Union of Hadiach (1658)

Published thanks to a research and publication grant from the Canadian Institute of Ukrainian Studies, Hadiatska uniia 1658 roku is a Ukrainian-language collection of articles by prominent historians from Ukraine, Poland, North America, and Russia devoted to a pivotal event in the history of Cossack Ukraine—the Union of Hadiach (1658). The collection appeared on the occasion of the 350th anniversary of that event.

The Hadiach Agreement of 1658 was a direct geopolitical and ideological response to the Pereiaslav Agreement of 1654, for it proposed a  different model of political interaction in Eastern Europe. Hadiach represented an effort on the part of the Cossack elite to legitimise the Cossack state as the sovereign Grand Duchy of Rus’ in a political union with the Polish-Lithuanian Commonwealth. In the post-Pereiaslav world of the late 1650s, the rapprochement between the Hetman State and the Commonwealth radically undermined the geopolitical and territorial gains made by the Tsardom of Muscovy between 1654 and 1656. Although the Hadiach Agreement was substantially curtailed by the Warsaw Diet in 1659, it remained a formidable obstacle to Muscovite expansion. Had it been successfully realised, it would have opened new geopolitical prospects for Eastern Europe as a whole. The failure to implement the Union of Hadiach created new opportunities for Muscovy to develop into a regional superpower. Nevertheless, the ideas set forth in the Hadiach Agreement continued to inspire proponents of Ukrainian statehood and Ukrainian-Polish reconciliation for generations to come.

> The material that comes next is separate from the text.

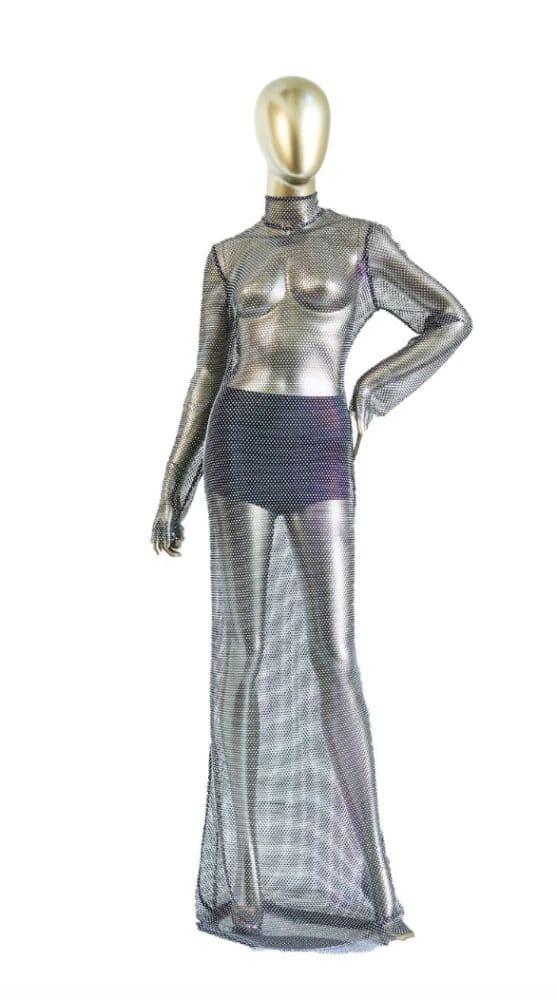 David Koma Long Crystal Mesh Dress - Image 1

For present-day historians, the various subtexts of the agreement constitute a valuable source for the study of the ideological mindset of the Ukrainian Cossacks, as well as of the Ukrainian, Polish, and Lithuanian nobility of the mid-seventeenth century.

Apart from events directly associated with the Union of Hadiach, the collection explores developments preceding the union, as well as its legacy in the Ukrainian and Polish intellectual traditions. Hadiatska uniia 1658 roku consists of four thematic parts, each examining a particular set of issues associated with the union, its geopolitical context, and its long-term consequences—ideological, geopolitical, and intellectual. Part 1, “The Hadiach Agreement of 1658 Texts,” contains the original Polish documents of the agreement and their translations into contemporary Ukrainian. Following these is a textual analysis by Tatiana Tairova-Yakovleva (St. Petersburg, Russia).

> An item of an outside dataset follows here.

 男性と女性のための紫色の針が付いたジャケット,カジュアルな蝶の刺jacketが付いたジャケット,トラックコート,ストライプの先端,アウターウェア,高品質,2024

Part 2, “On the Way to Hadiach,” explores international relations in East-Central Europe in the 1650s–60s, as well as historical precedents relating to the Union of Hadiach. Viktor Brekhunenko (Kyiv) discusses Cossack-Polish agreements of the late sixteenth and early seventeenth centuries. Dariusz Koodziejczyk (Warsaw) indicates the Turkish alternative in the foreign policy of the Cossack leaders, while Viktor Horobets (Kyiv) considers the place of the Hadiach Agreement in the structure of international relations in East-Central Europe.

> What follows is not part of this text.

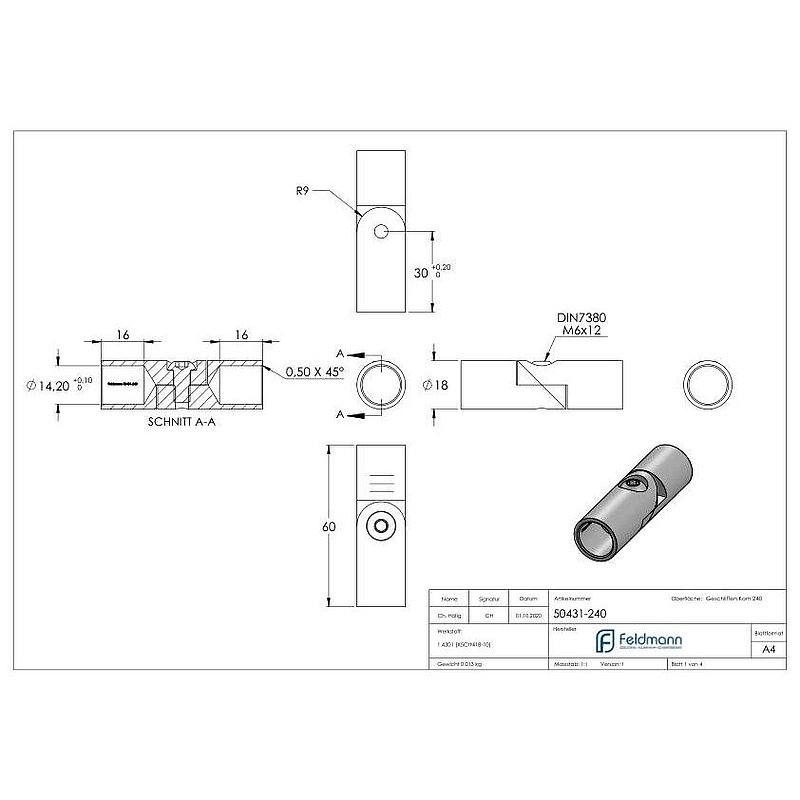 Rundstabverbinder mit Gelenk Ø 14mm, V2A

Part 3, “The Memorable Agglomeration and Reactions to It by the Elites of Ukraine, Poland, and Lithuania,” is devoted to various perceptions of Hadiach that emerged among the Polish, Lithuanian, and Ukrainian Cossack elites. Petro Kulakovsky (Ostroh) describes the Cossack mission to the Polish Diet of 1659 that was supposed to ratify the Hadiach Agreement. Tomasz Kpa (Toru) deals with religious issues in the agreement. Piotr Kroll (Warsaw) writes about the attitudes of the Polish nobility toward this Ukrainian-Polish agreement, while Krzysztof Kossarzecki (Warsaw) analyzes the attitude of the Grand Duchy of Lithuania to the Hadiach Union. Zenon Kohut (Edmonton) writes about the concept of the fatherland in Ukrainian political culture of the 1650s and 1660s. Taras Chukhlib (Kyiv) traces the role of Hadiach in the political ideas of Hetman Petro Doroshenko in the 1660s–70s.

Finally, Part 4, “Hadiach 1658 in the Ukrainian and Polish Intellectual Traditions,” sheds light on the ideological and intellectual legacy of the Hadiach Agreement in Ukrainian and Polish political traditions and historiography. Thus, Yurii Mytsyk (Kyiv) explores the assessment of the Hadiach Agreement in early modern Ukrainian chronicles. Serhii Plokhii (Cambridge, Mass.) considers the role of Hadiach as a myth in Ukrainian historiography and political thought. Konrad Bobiatyski (Warsaw) elucidates the changing image of the Hadiach Union in Polish historiography of the last 150 years.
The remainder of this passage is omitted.